UCLA David Geffen School of Medicine/UCLA Medical Center Los Angeles, CA
M. A. Eala1, J. Hernandez1, N. Chong1, M. L. Steinberg1, A. Kalbasi2, V. Reddy1, and R. R. Savjani1; 1Department of Radiation Oncology, University of California, Los Angeles, Los Angeles, CA, 2Department of Radiation Oncology, Stanford University School of Medicine, Stanford, CA
Purpose/Objective(s):In prospective clinical trials, data from enrolled patients are meticulously kept for each patient by the study investigators. After trial completion, these data are distilled into a few static figures that describe the primary and secondary objectives and endpoints of the study. However, large portions of the trial data are never examined as they remain siloed in tables that are largely inaccessible to both the study investigators and to oncology researchers broadly. We showcase how an online, interactive data visualizer can be built and deployed to allow for rapid data visualization of any variables collected as part of a clinical investigation. Materials/
Methods: We built a data visualization tool using all data from a completed phase II clinical trial in our department on pre-operative 5-day radiotherapy for soft tissue extremity sarcomas. Data were stored in our institutional database, which allowed for easy export using an API with a token. Importantly, data were anonymized such that no PHI information were included to identify patients.
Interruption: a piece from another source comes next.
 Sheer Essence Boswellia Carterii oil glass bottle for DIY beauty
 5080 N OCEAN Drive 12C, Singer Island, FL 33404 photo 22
Using python packages for plotting Plotly and Dash, we constructed an online dashboard that allowed interrogation of all clinical trial variables for population inference, including demographic data, clinical outcomes, pathology results, surgical complications, treatment toxicities, and images from radiotherapy planning. Results: The online dashboard allowed users to dynamically select any variables to plot against each other or in groups. This included scatter plots with customizable sizes and colors of data on selected variables, histograms grouped by any categorical variable, box and scatter plots, survival plots for local failure/distant failure/overall survival (with integrated competing risk analyses), swimmer’s plots for wound complications, and a geographic map for patient enrollment. Further, we generated a tab that allowed for visualization of the gross tumor volume and radiation dose map overlayed on the planning CT Simulation scan in a montage. Lastly, we included a table to allow dynamic patient filtering by selecting any combination of criteria (e.g., age > 70 AND tumor size > 10 cm). The dashboard automatically updated to include only the selected patients. We deployed our dashboard online via the Google Cloud Platform. Conclusion: Our interactive data visualizer allows all data from a clinical trial to be readily accessed. This approach puts warehoused data into tables now at the fingertips of all interested clinicians and researchers without needing to request access, write additional code, or utilize any additional software to visualize data. We believe this novel approach should transform how clinical trial data are shared to enhance transparency and help discover otherwise unseen insights in clinical trials.